There were so many issues unaccounted for. For example, my last name is so distinct and, of course, came to be plastered all over the internet—this was one of the causes of my family disowning me. Every rental application I filled out became a source of stress and anxiety. And then there was the loneliness and isolation I would experience as the case unfolded. Also, a lack of community support {but amazing individual sex workers, like Valerie, who were there for me in so many way}. Going forward, these and many other issues have an ever present impact on my life even today.

There are power dynamics that exist when you get involved in legal proceedings. The lawyers know the law and the inner workings of the system; as a plaintiff, you are at the mercy of your lawyer/s to inform you of what’s going on.

Amy’s 8 Lessons Learned

AMY:

If you are a sex worker considering getting involved in a legal case, here is some advice for you, based on my experience.

  1. A court challenge like this can take an emotional toll on those who take them on. You will need a strong network of supportive community; this should include specific mentors, and the ability to debrief about experiences.
  2. You will also need resources both personally, and from the community you represent. By “resources” I mean both time and money. Being an appellant in a case like this can mean time off work, health problems, family conflict, loss of friendships, difficulties securing and maintaining housing, and being overwhelmed by the scrutiny of media. Organizations and allied stakeholders must lay the groundwork to anticipate and respond to these needs in the planning stages of a case.
  3. In launching any court challenge, you need to anticipate the potential role and influence of very well-funded prohibitionist movements championing the “End Demand” agenda and its impact on the social and legislative process.

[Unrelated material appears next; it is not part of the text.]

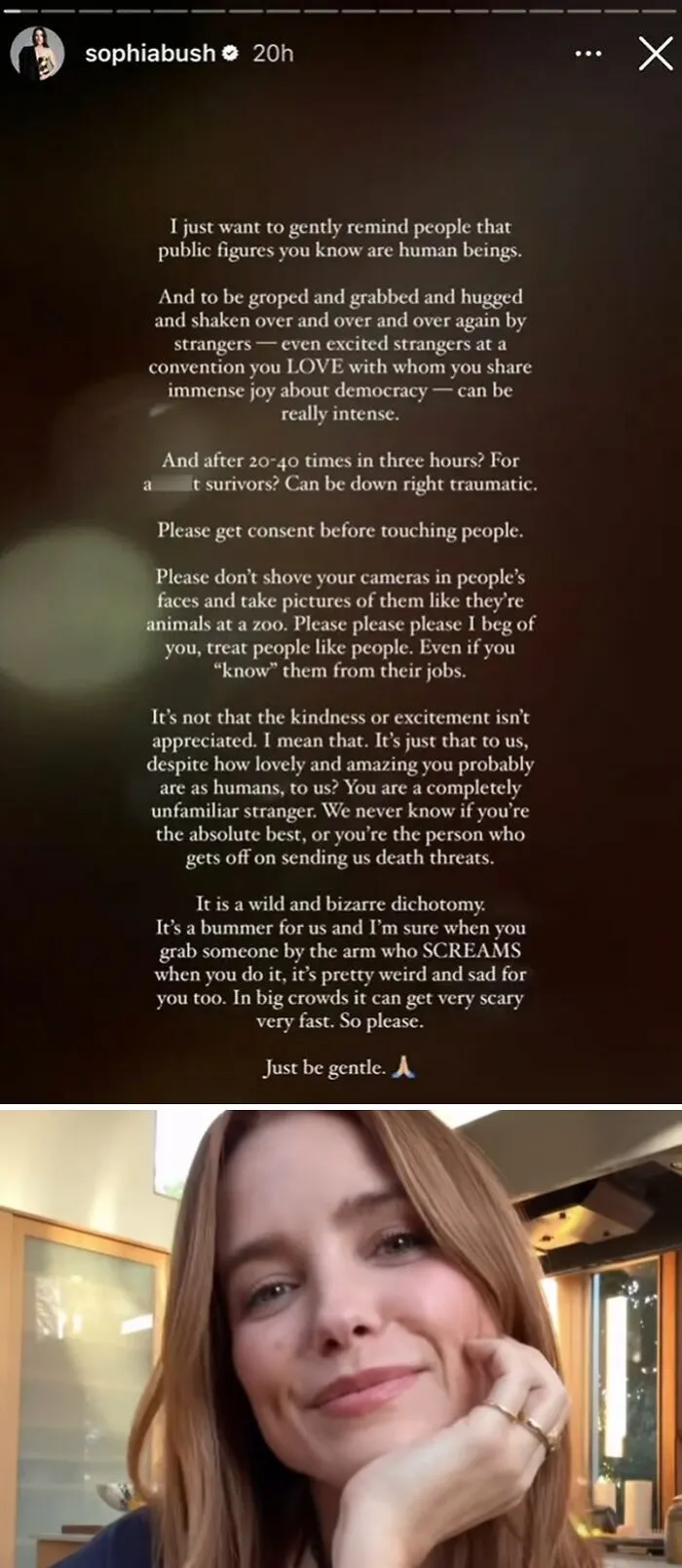 Sophia Bush Posted A Statement On Her Instagram Story Asking To "Please Get Consent Before Touching People" And "Treat People Like People, Even If You 'Know' Them From Their Jobs"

In particular, when we consider complicating factors such as, in my case, the stay of a decision, which allowed power players to swoop in and set the political agenda, strategizing around such possibilities is key in developing a politically informed plan of action.
  4. You must also think through the power dynamics in terms of the legal system and legal professionals who get involved in these cases. How do we make it different?
  5. All social movements, all activist communities, have their challenges. Any sort of movement toward addressing social/legal changes needs to anticipate and respond to very real community tensions and gaps of communication that exist. This is where, for example, having point people in paid positions, who are respected within the community and sensitive to these difficulties, can help to facilitate healthier communication; that is, so people in the community might feel more up to date on what’s going on. Potential conflict and arising concerns can be addressed along the way.
  6. There is also the issue of ensuring that under represented voices, Indigenous communities, trans people, street-involved folks, migrant workers, people who use drugs, and those working or living in rural communities are also engaged. These community members are often excluded from activist circles, are impacted by the laws differently, and contend with a lack of resources, which can be a barrier to effective mobilizing.
  7. In addressing these pieces, there is an opportunity to think through issues of representation. In the process of getting sidelined and strong-armed by lawyers and policy makers, we can fall into the trap of respectability politics. It is a painful reality; the struggle prostitutes face to be acknowledged as citizens under the gaze of a whorephobic culture. It can and often does manifest as shame and the consequential erasure of those silent leaders who have been working in the trenches to support their colleagues to live and work in greater safety.
  8. Developing legal funds and instituting planning boards and decision-making bodies made up of community members to help give shape to any such possible challenges is key, or we end up replicating the same sick process that got us here in the first place—one based in top-down power, colonialism, and the tyranny of professional elitism.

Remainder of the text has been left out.